Applicant's summary and conclusion
- Conclusions:
- The reproduction toxicity of sodium N-cocoyl glycinate was investigated according to the Guideline OECD 421. No significant potential of reproducton toxicity was found for sodium N-cocoyl glycinate.
- Executive summary:
The reproduction toxicity of sodium cocoyl glycinate was investigated according to the Guideline OECD 421. The test material, composed of 70% sodium cocoyl glycinate and 20 % sodium chloride, was dissolved in water and was administered to rats via gavage at dosages of 0, 62.5, 250, and 1000 mg/kg bw/day, corresponding to up to 700 mg/kg bw/day of sodium cocoyl glycinate. It was given to male rats for 28 days and to female rats for 14 days prior to pairing, through the pairing and gestation periods until the offsprings reached day 4 post partum.
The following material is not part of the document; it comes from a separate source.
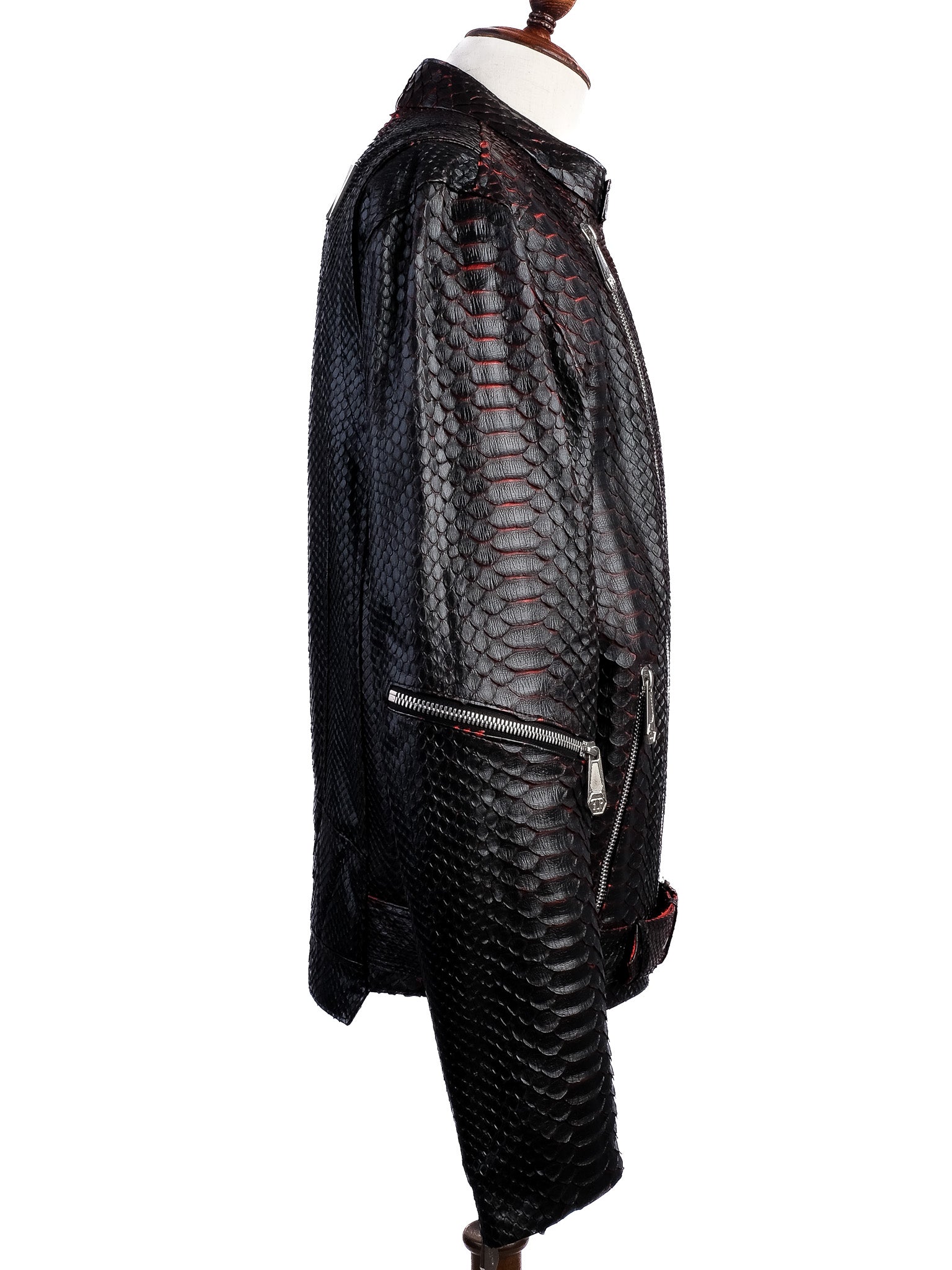 Perfect Phillipp Plein Black Textured Leather Jacket Size XL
At high dose, the body weight and the food consumption of males and females were reduced. These effects were considered as not adverse nature for parental animals, because the relative difference to the control values were within 10% and seemed to stagnate with the treatment progression. No other effect was noted for parental animals.
With respecto the reproduction performance no effects on mating performance, fertility, corpora lutea count or duration of gestation were observed at any dose level. At high dose, the numbers of alive pups at first check and on lactation day 4 were reduced. This effect was considered as consequence of reduced food uptake and/or high salt content of the test material and therefore not considered as evidence of specific reproduction toxicity of sodium cocoyl glycinate.
The NOAEL of 250 mg/kg bw/day was established for reproduction toxicity of the test material.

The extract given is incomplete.